Кульчицкий Михаил был крепко сбит, и странная среда, угрюмый быт не вытравила в нем, как ни травила, азарт, комсомолятину его, по сути не задела ничего, ни капельки не охладила пыла.
вернуться

19

Кавалериста, ротмистра, гвардейца, / защитника дуэлей, шпор певца…

Об отце Михаила Кульчицкого, к которому относятся эти строки, Слуцкий рассказывает в очерке «Мой друг Миша Кульчицкий»: «Я его хорошо помню. Он был мрачный, угрюмый, печальный, суровый, важный, гордый. Еще двадцать эпитетов того же ряда тоже оказались бы подходящими.

Сейчас я впервые в жизни подумал, что он был очень похож на сына, на Мишу: то же широкое, полноватое лицо, та же бродячая усмешка. Только она бродила помедленнее.

Отец Миши был одет в старую, вытертую тужурку. Он всегда молчал. Я не помню ни одного разговора с ним. Было бы удивительно, если б он заговорил. Я бы обязательно запомнил.

Зато Миша об отце говорил часто.

Однажды был длинный рассказ о том, как Деникин послал отца на связь с Колчаком через закаспийские пустыни.
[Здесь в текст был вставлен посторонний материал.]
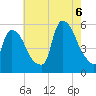 Arlington tide chart for Saturday, August 6, 2022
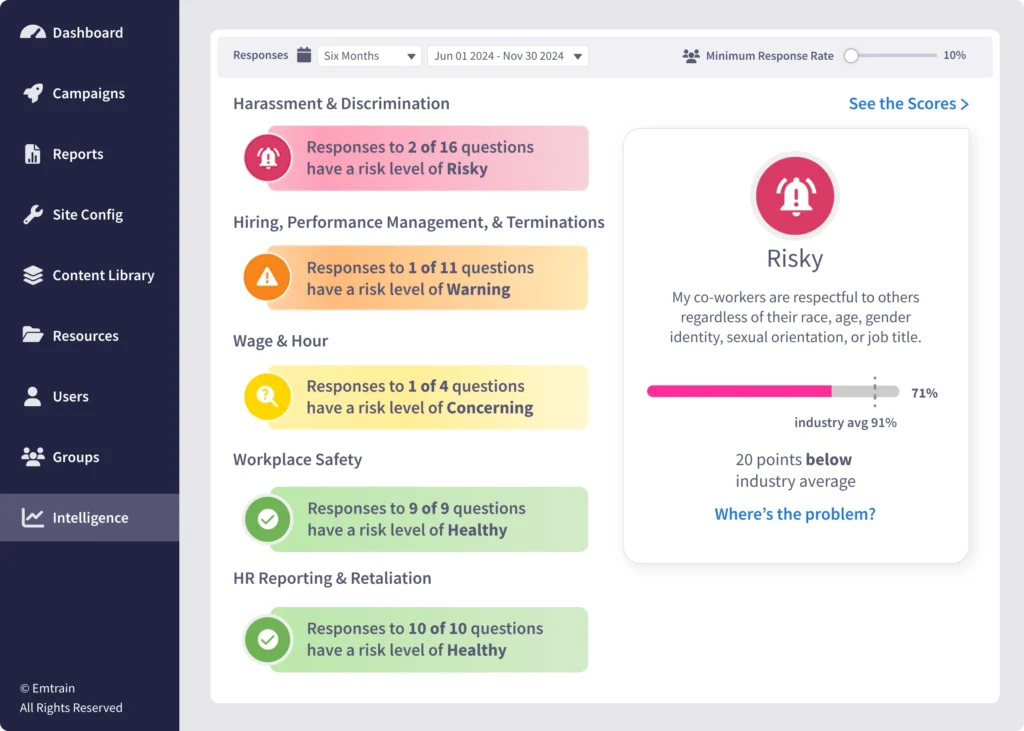 HR & People Risk Areas Dashboard
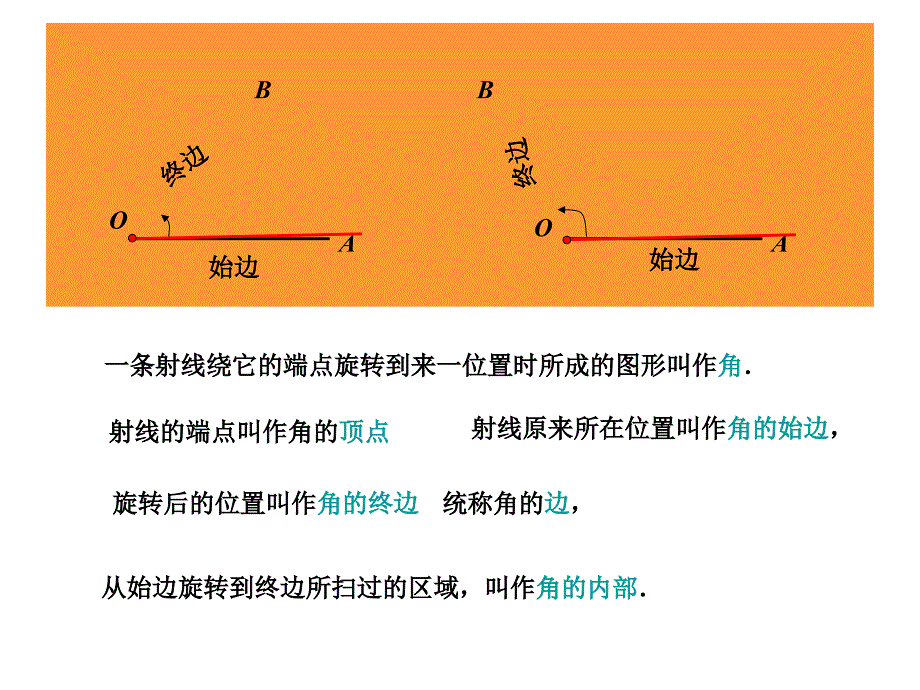 湘教版七下3.1线段、直线、射线第3时ppt课件_第4页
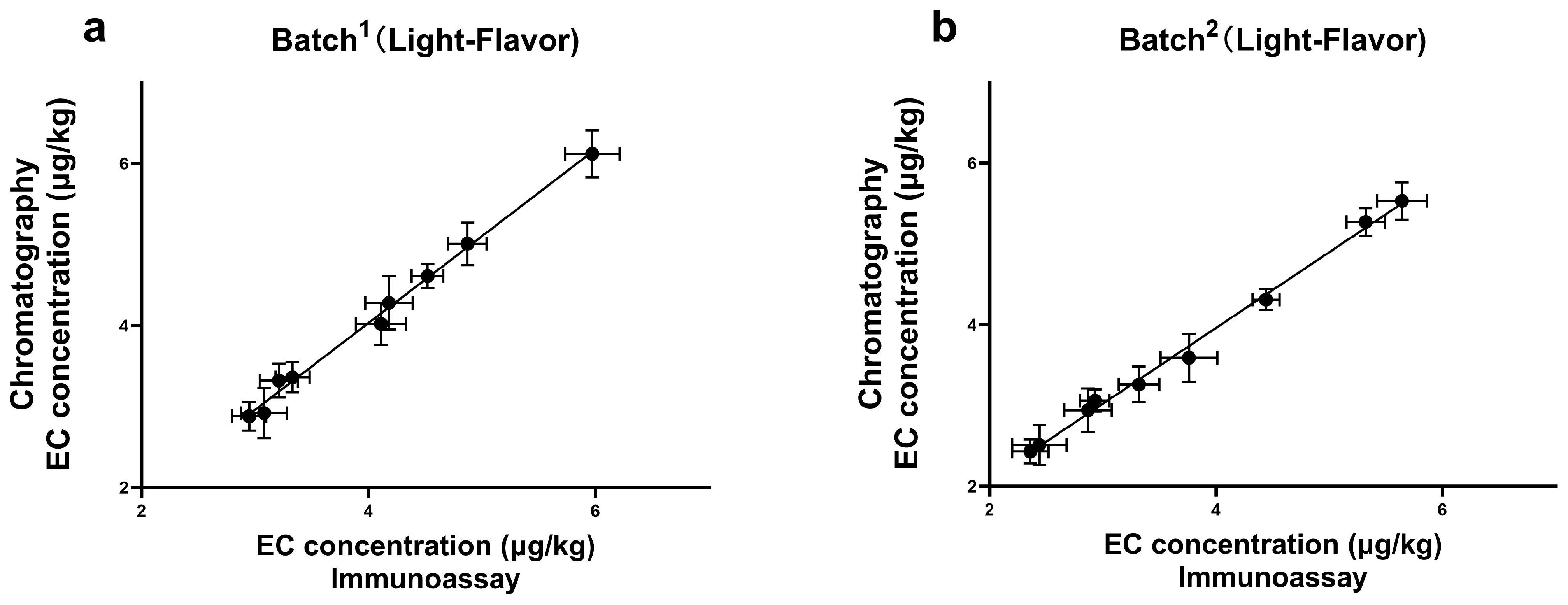 Foods 13 01835 g006a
Несколько месяцев спустя выяснилось, что история восходит к „Сорок первому“ Бориса Лавренева. Будучи пойман, Миша не отрицал. Он усмехался.

Была еще литературная история (из Лескова) с офицерами, картежом, перчатками и дуэлями. Дело было в том, что на отце все эти истории сидели очень удобно и пригнанно…

В справочнике Тарасенкова помечены два сборника стихотворений отца. Но мне помнится, Миша показывал целую пачку книжиц. Среди них были и стихи, и проза — рассуждения об офицерстве, о гвардейской чести, о традициях русского оружия…

Были еще… статьи против Короленко. Спор у отца с Короленко шел о дуэлях. Кульчицкий защищал офицерские дуэли, Короленко клеймил их как варварство, и, хотя Короленко отзывался о Кульчицком без церемоний, сам факт печатного спора с ним переполнял наши души гордостью».